Arcfox, meanwhile, is making a more traditional but still relevant premium play: proving it can deliver a flagship experience in one of China’s most image-sensitive vehicle categories.
Why This Matters for the Chinese EV Market
The bigger takeaway is that China’s EV competition is entering a more mature phase.
A few years ago, the market was dominated by headline numbers such as:
- Range n- Acceleration
- Battery size
- Screen count
Now the conversation is shifting toward system-level value:
- How deeply software is integrated into the vehicle architecture
- Whether AI can convert voice, perception, and driving into one continuous experience
- How luxury is defined beyond branding, through acoustics, ride quality, and human-centered packaging
Geely’s WAM platform is notable because it reframes the vehicle as a coordinated AI system rather than a collection of features. If it works as promised, it could influence how Chinese automakers design the next wave of central computing and cross-domain controllers.
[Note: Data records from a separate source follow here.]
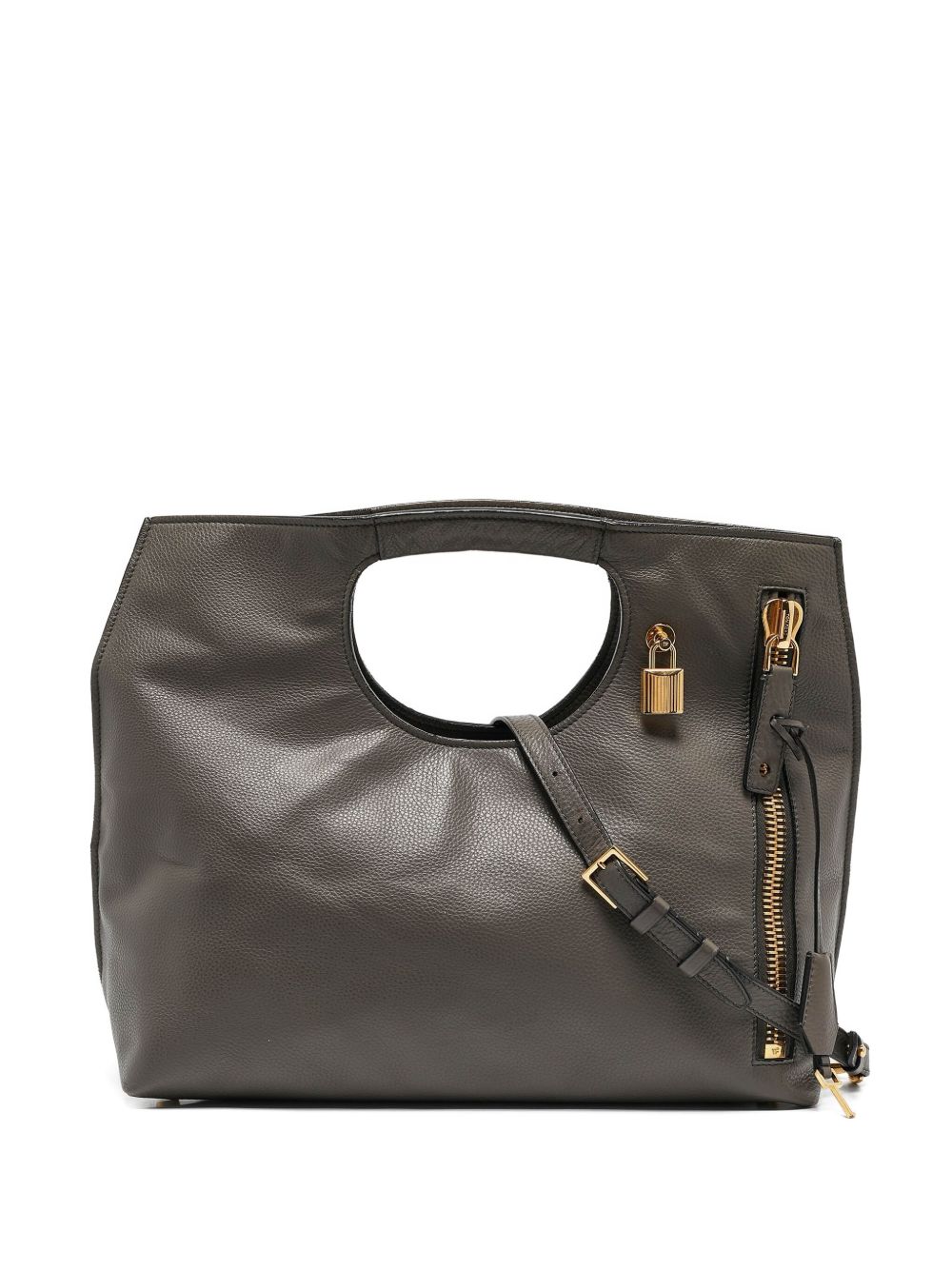 pre-owned Alix padlock tote bag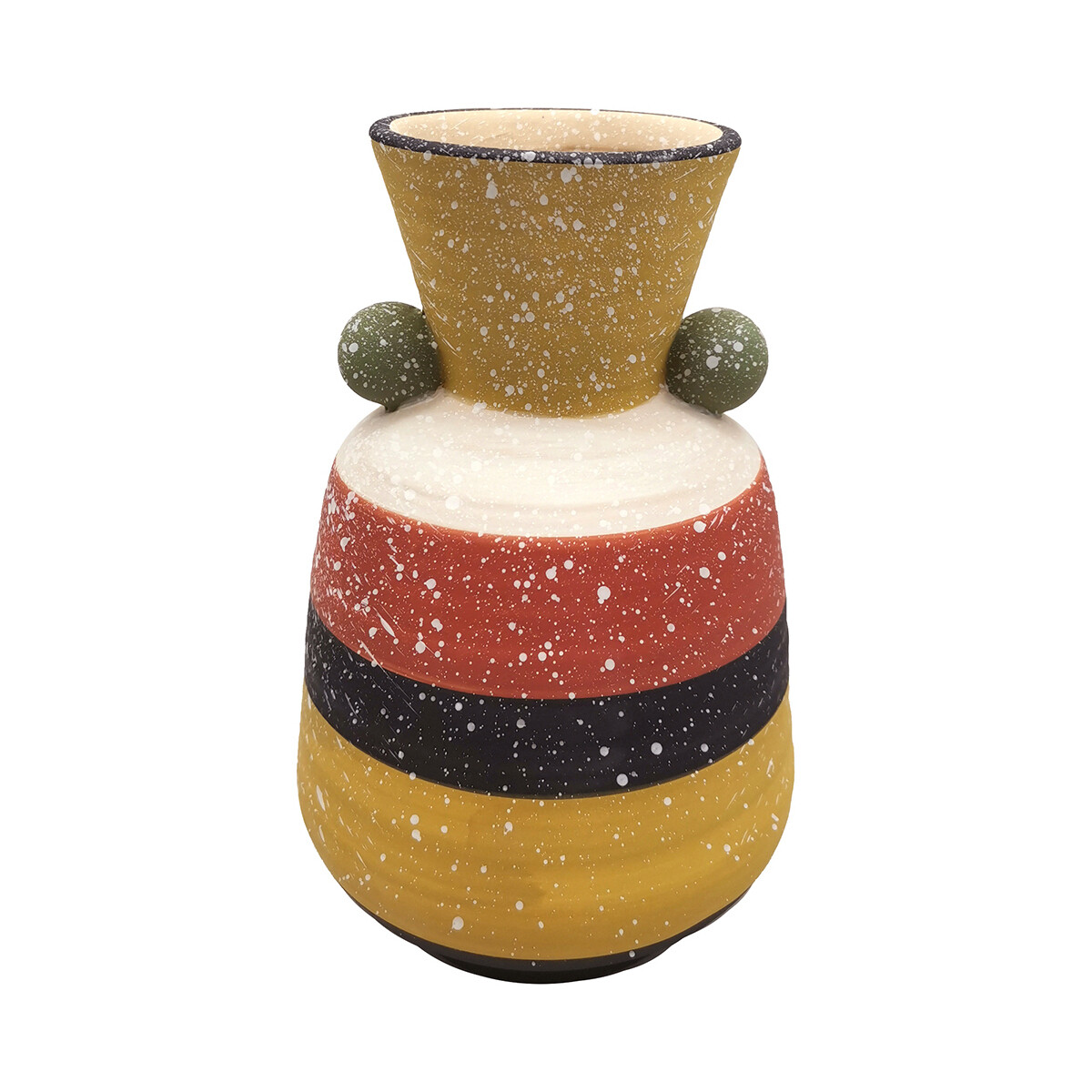 Maison & Déco Vases / caches pots d'intérieur Signes Grimalt Vase Multicolore
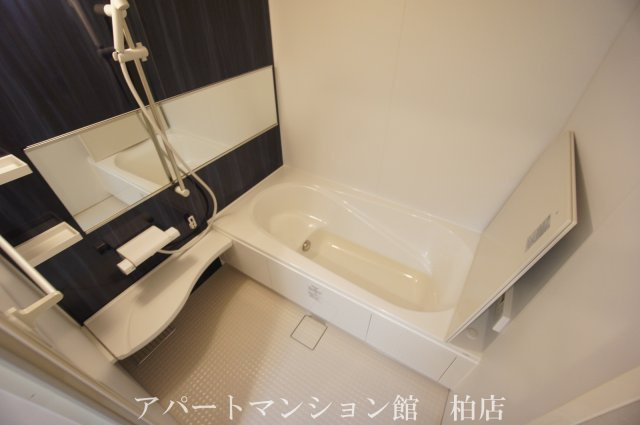 イデアーレの浴室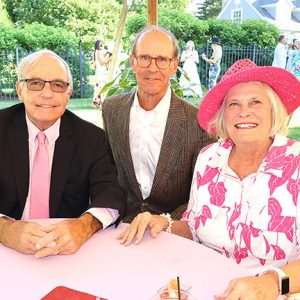 07/25/24, MONMOUTH COUNTY HISTORICAL ASSOCIATION’S 125TH ANNIVERSARY GARDEN PARTY, David, Susan Fowler, Gordon Eadon
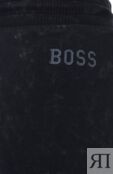 Хлопковые джоггеры BOSS Orange фото 5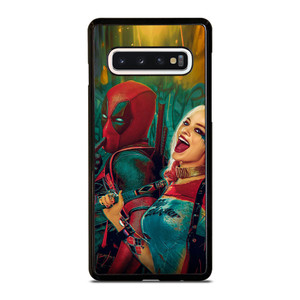DEADPOOL HARLEY QUINN 1 Samsung Galaxy S10 Case Cover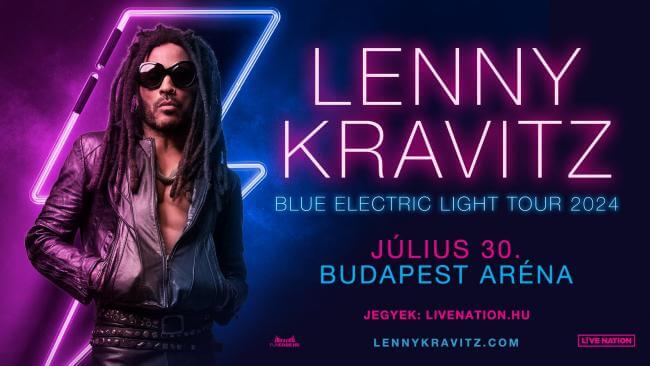 Lenny Kravitz Papp László Budapest Sportaréna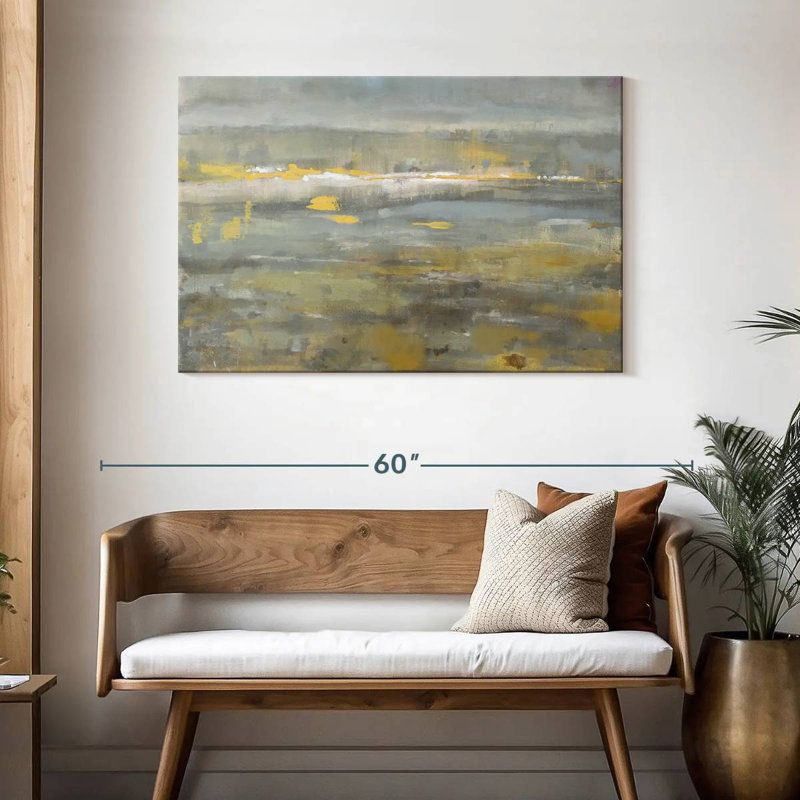 Avery Neutral Field, 30" H x 45" W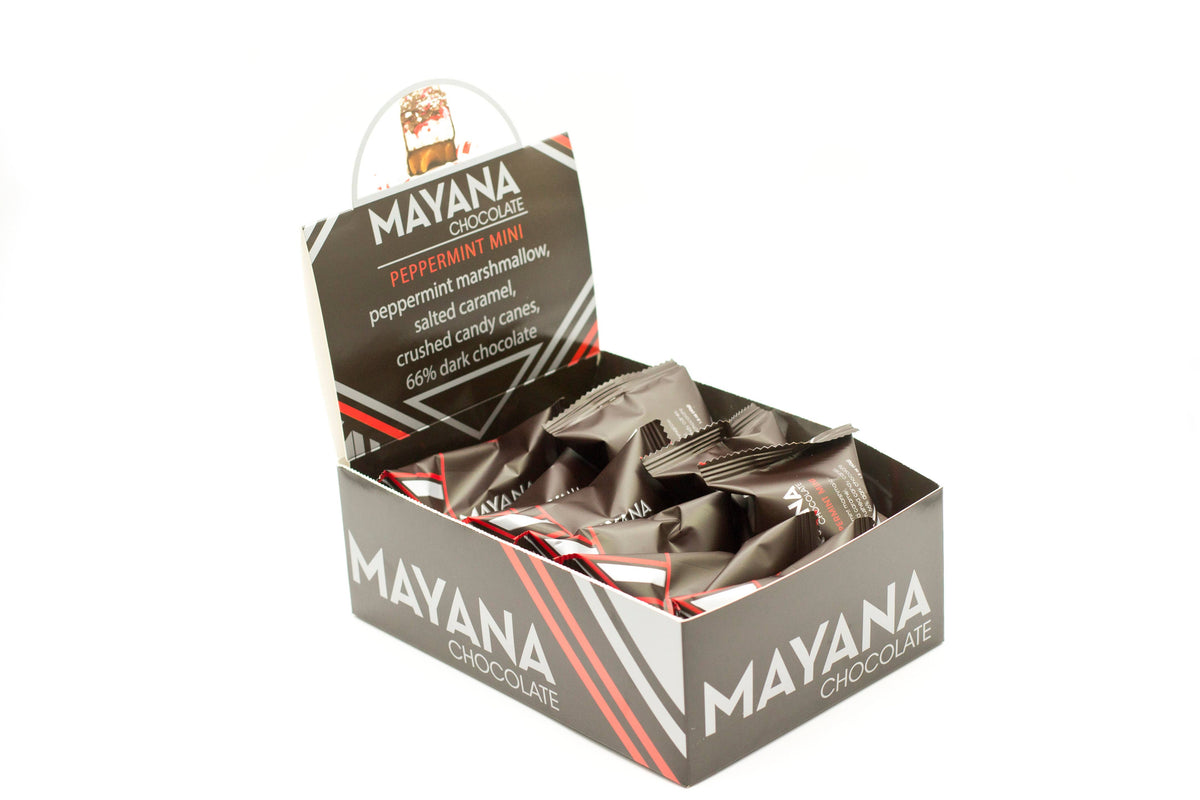Mayana Chocolate - Peppermint Bar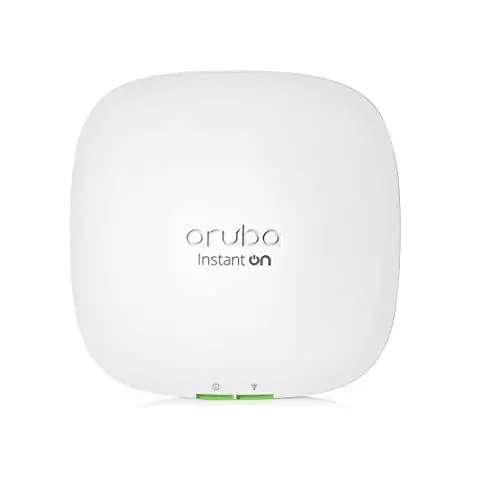Produktbild: HPE Networking Instant On Access Point AP22 2x2 WiFi 6 Innenbereich | Netzteil Nicht im Lieferumfang enthalten | RW Rest-of-World-Modell (R4W02A)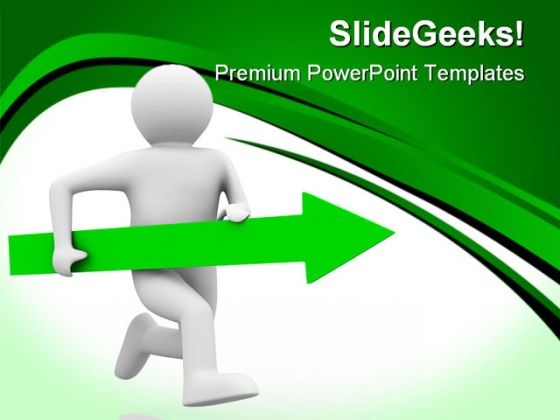 Movement Direction To Success Business PowerPoint Themes And PowerPoint Slides 0811 Movement Direction To Success Business PowerPoint Themes And PowerPoint Slides 0811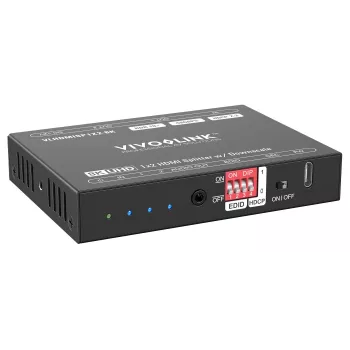 HDMI jaotur VivoLink VLHDMISP1X2-8K 1x2, toetab kuni 8K@60Hz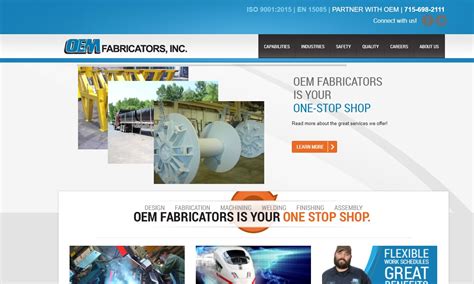 oem metal fabricator|oem fabricators woodville wi.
Arcfox’s V9, by contrast, shows that not every premium success story has to lead with autonomous driving. In China’s crowded EV market, product clarity still wins. For a luxury MPV, comfort-first positioning can be just as powerful as an AI narrative.
Global Implications
For global automakers and suppliers, these launches offer two lessons.
First, Chinese brands are moving quickly from feature competition to architecture competition. Geely’s emphasis on a unified “vehicle brain,” large-model reasoning, and cross-domain scheduling shows that the software stack is becoming a strategic differentiator, not just an infotainment layer.
Second, Chinese EV makers are getting more sophisticated about segmentation. Arcfox’s film-festival showcase was not about proving raw technology leadership; it was about embedding a vehicle into premium culture and lifestyle. That kind of positioning is increasingly important as the domestic market becomes more crowded and export ambitions grow.
In other words, China’s EV leaders are no longer just building cheaper electric cars faster. They are defining new product categories around AI, user experience, and brand theater.
What Comes Next
For Geely, the key question is execution. The WAM architecture and Zeekr 8X hardware stack look impressive on paper, but real market impact will depend on:
- Stability in production vehicles
- OTA rollout pace
- Regulatory approval for advanced assisted-driving functions
- Real-world user trust in cross-domain AI behavior
For Arcfox, the challenge is commercial translation. The Wenjie V9 clearly has the ingredients to appeal in the premium MPV market, but turning high-visibility event placement into sustained sales momentum is never guaranteed.
Still, both launches underline the same conclusion: China’s EV market is no longer fighting a single war over electrification. It is now competing on multiple fronts at once — AI architecture, assisted driving, ride refinement, premium branding, and everyday usability. And that makes the sector far more interesting than a simple race for range or price.